**TASK INSTRUCTIONS:** Copy, with no pictures, the line that contains "Holiday Inn Express" and each line after it down to the end of the entries below, exactly.

**DATA IN THIS EXERCISE:**
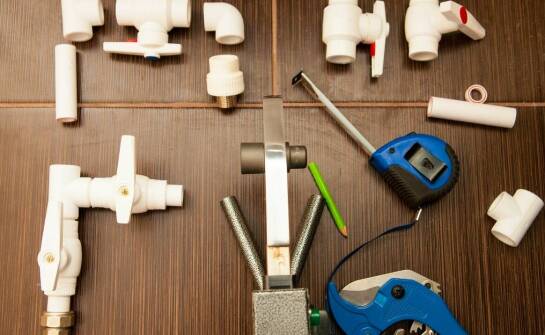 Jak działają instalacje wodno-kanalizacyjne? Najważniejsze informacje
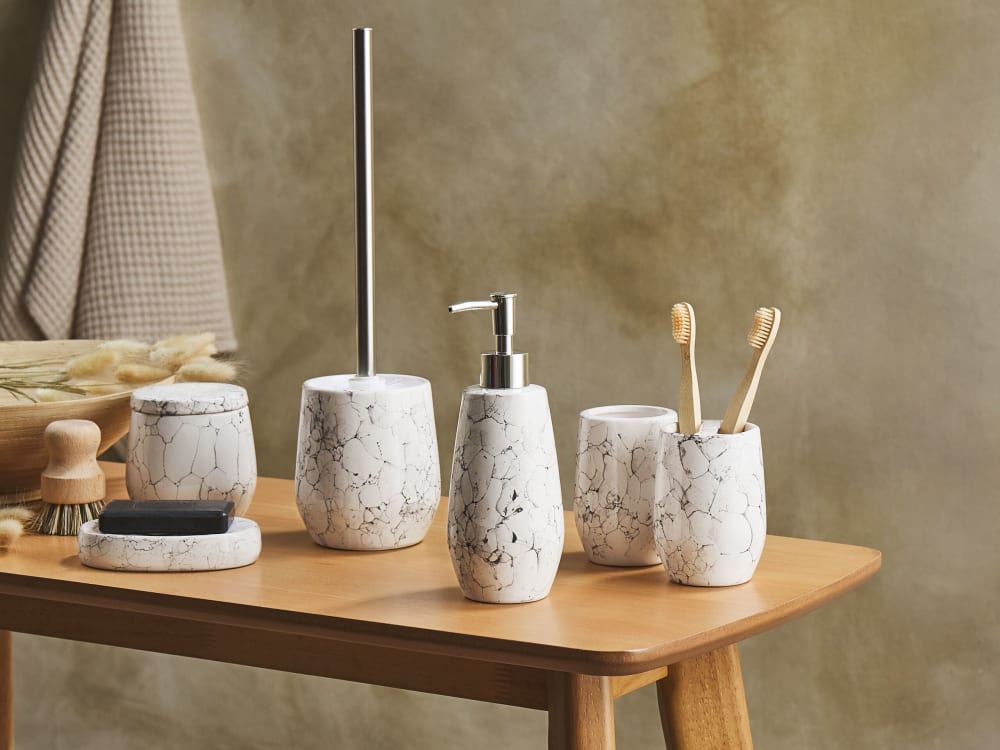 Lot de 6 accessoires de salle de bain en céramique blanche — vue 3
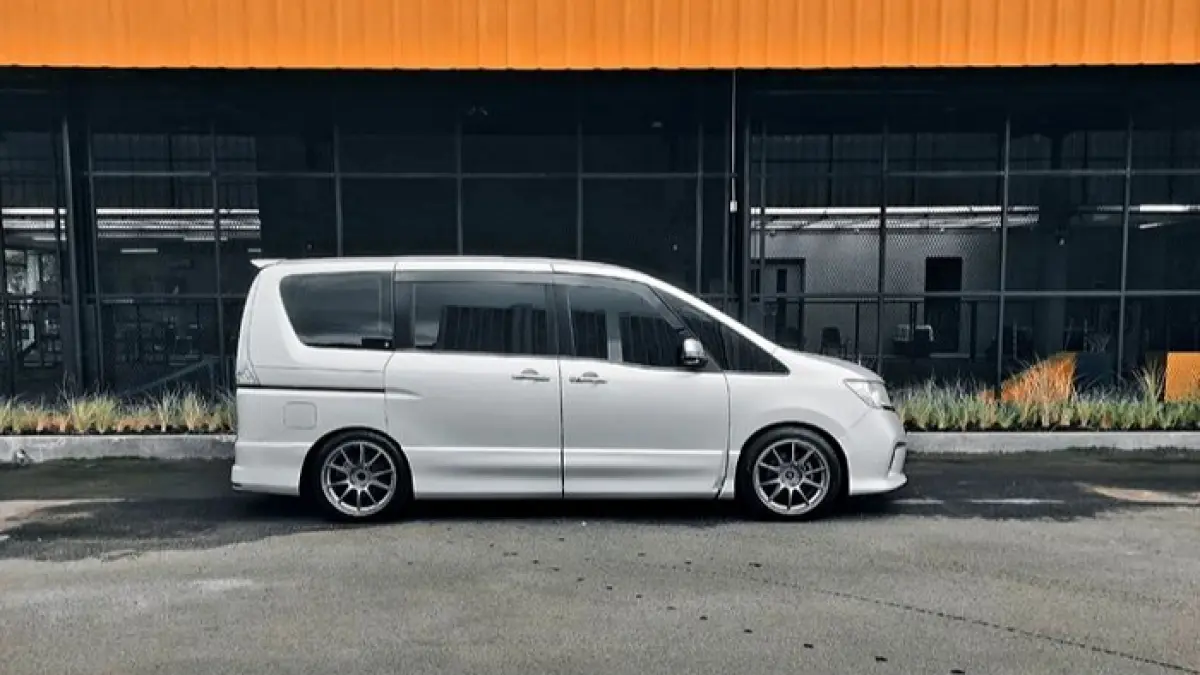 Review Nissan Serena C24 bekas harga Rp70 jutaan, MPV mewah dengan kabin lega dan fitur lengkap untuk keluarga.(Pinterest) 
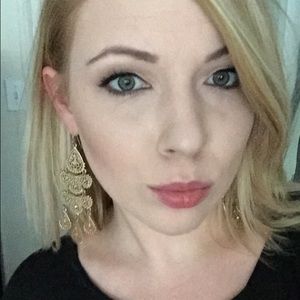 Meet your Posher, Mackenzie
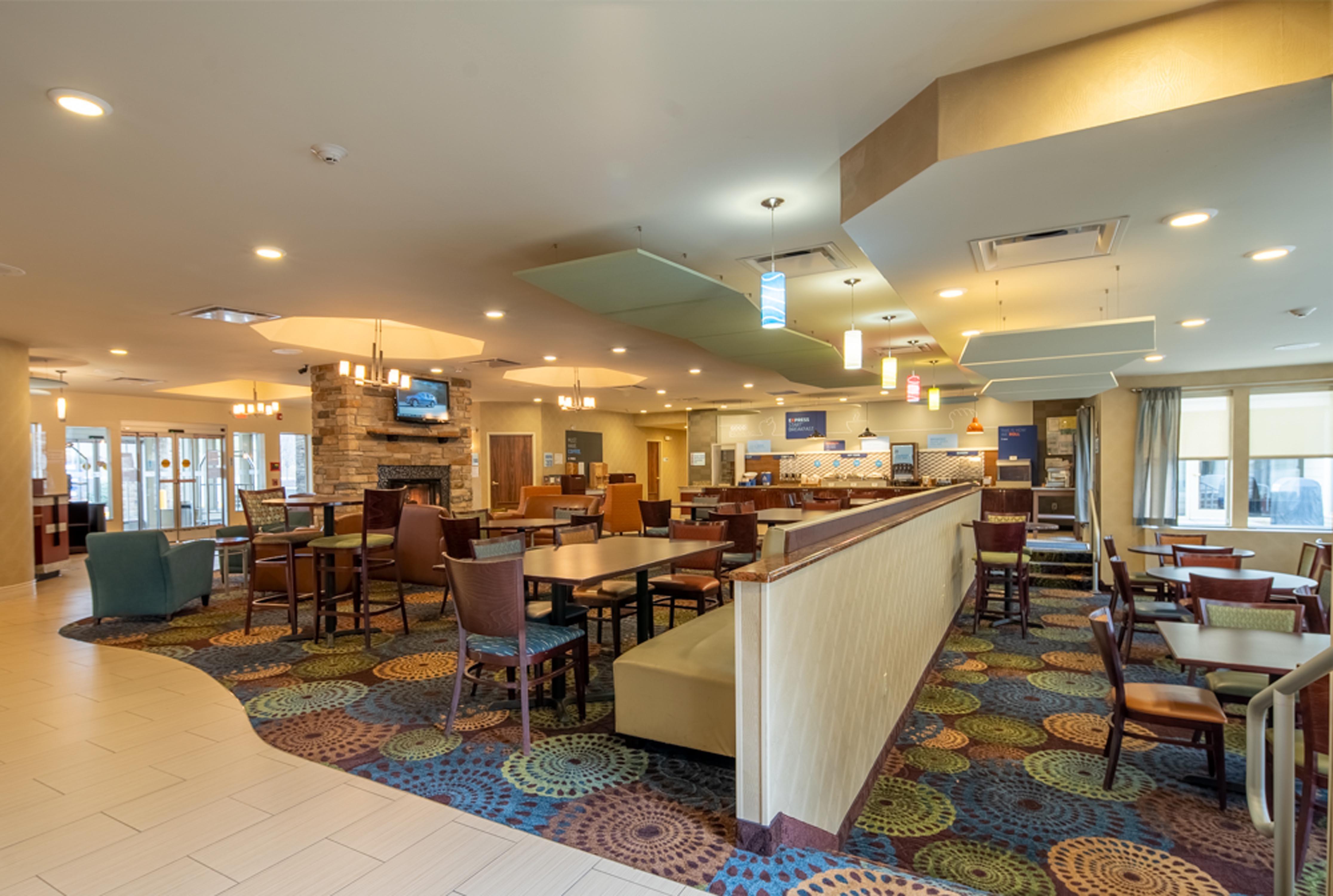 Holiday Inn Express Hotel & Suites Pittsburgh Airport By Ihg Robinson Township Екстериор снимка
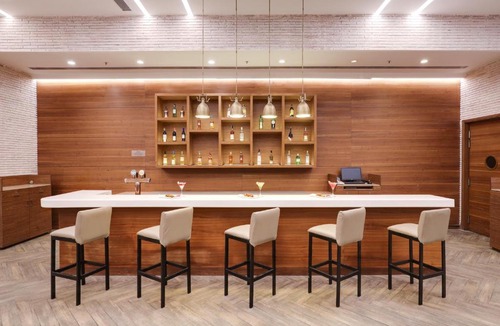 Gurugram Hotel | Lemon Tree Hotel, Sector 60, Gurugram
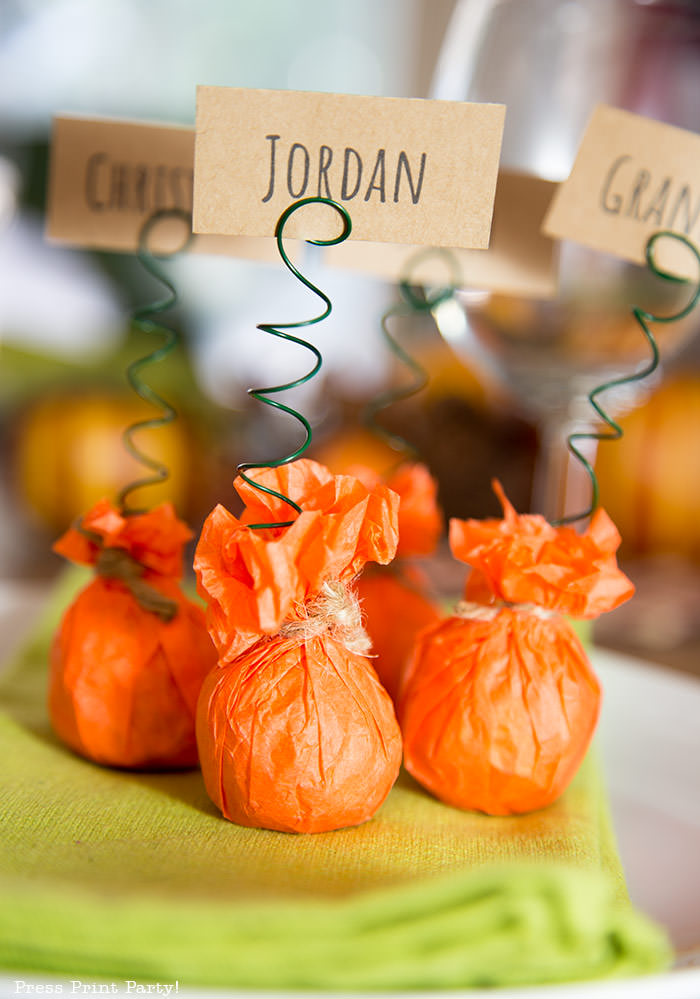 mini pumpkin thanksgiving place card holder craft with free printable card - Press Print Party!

**REPLY TO THE TASK:**
 Holiday Inn Express Hotel & Suites Pittsburgh Airport By Ihg Robinson Township Екстериор снимка
 Gurugram Hotel | Lemon Tree Hotel, Sector 60, Gurugram
 mini pumpkin thanksgiving place card holder craft with free printable card - Press Print Party!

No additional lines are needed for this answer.